Open JosseVanDelm opened 5 years ago
Not sure what is the reason. Maybe @SsnL @taesungp have a clue.
Hi there, after running the train.py
-script code through the debugger (and being lucky enought that it got stuck again), I noticed that the program is not running past this line in the train.py
script
It gets stuck in these lines of pytorch code (comments added by myself):
while True: # This loop takes forever
try:
r = index_queue.get(timeout=MANAGER_STATUS_CHECK_INTERVAL) # r: <class 'tuple'>: (709,[538])
except queue.Empty:
if watchdog.is_alive(): # and for some reason watchdog is always alive
continue # so this loop keeps going forever :(
else:
break
if r is None:
break
idx, batch_indices = r
try:
samples = collate_fn([dataset[i] for i in batch_indices])
except Exception:
data_queue.put((idx, ExceptionWrapper(sys.exc_info())))
else:
data_queue.put((idx, samples))
del samples
This is the stacktrace I get:
_worker_loop, dataloader.py:97
run, process.py:93
_bootstrap, process.py:258
_launch, popen_fork.py:73
__init__, popen_fork.py:19
_Popen, context.py:277
_Popen, context.py:223
start, process.py:105
__init__, dataloader.py:289
__iter__, dataloader.py:501
__iter__, __init__.py:90
<module>, train.py:43
followed by the debugger that calls the train script.
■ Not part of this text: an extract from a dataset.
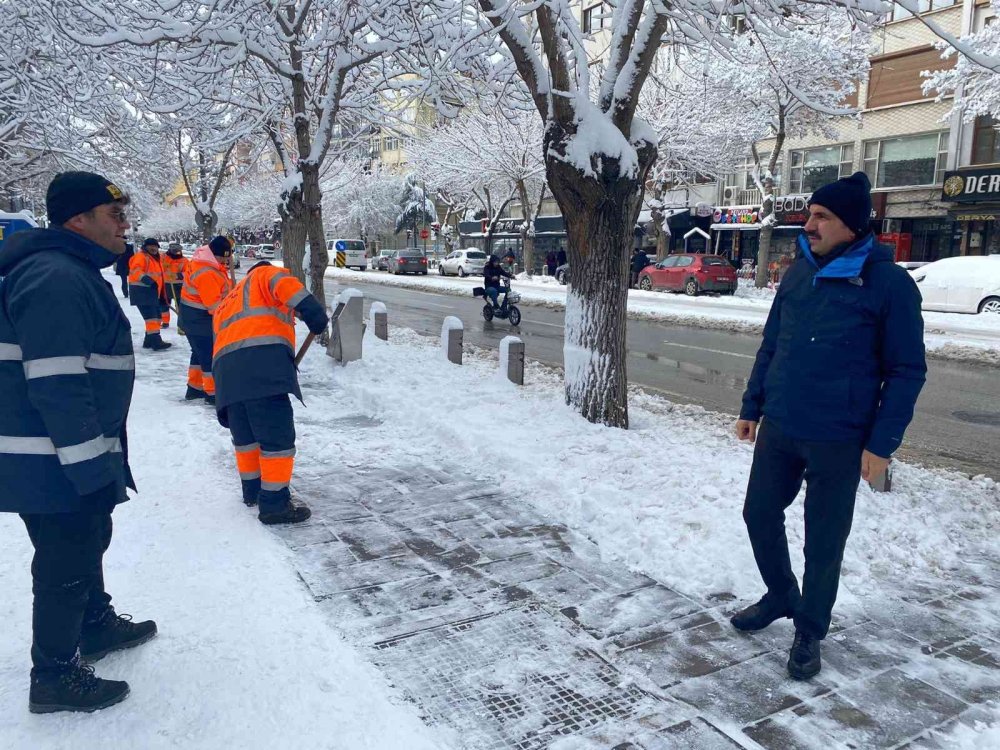 Konya ve İlçe Yollarında Yoğun Kar Mesaisi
execfile, _pydev_execfile.py:18
run, pydevd.py:1135
main, pydevd.py:1735
<module>, pydevd.py:1741
I still have no clue as to what makes this happen. Any thoughts? Is it possible that this has something to do with the fact that I did not explicitly start the visdom server myself or something? I'll try to keep looking whilst debugging, but this "low-level" code is way out of my comfort zone, so the help of anyone who knows more about this kind of issue is very much appreciated. Thanks!
I have the same issue, always stopping at 15 epochs. Same I was not starting visdom manually. So I disabled visdom and it is now working. I use tensoborad instead.
@JosseVanDelm The pytorch code you linked is running in the worker process, and it is supposed to be an infinite loop until the main process sends a signal or dies. The hang could very well be in the main process.
That said, between 0.4.1 and 1.0.0, a lot of improvements are done to the data loader. If the hang is indeed related to the dataloader, upgrading may resolve it.
Thank you for your comments @SsnL and @olivier-gillet .
This weekend I did 26 consecutive trainings without a hassle on the DGX server.
This time I used a slightly newer version of the docker container and used the display_id=0
option with every training to disable visdom.
I still have no clue what causes the issue. Maybe the reason for the hang is indeed that I didn't start visdom beforehand manually as @olivier-gillet pointed out as well?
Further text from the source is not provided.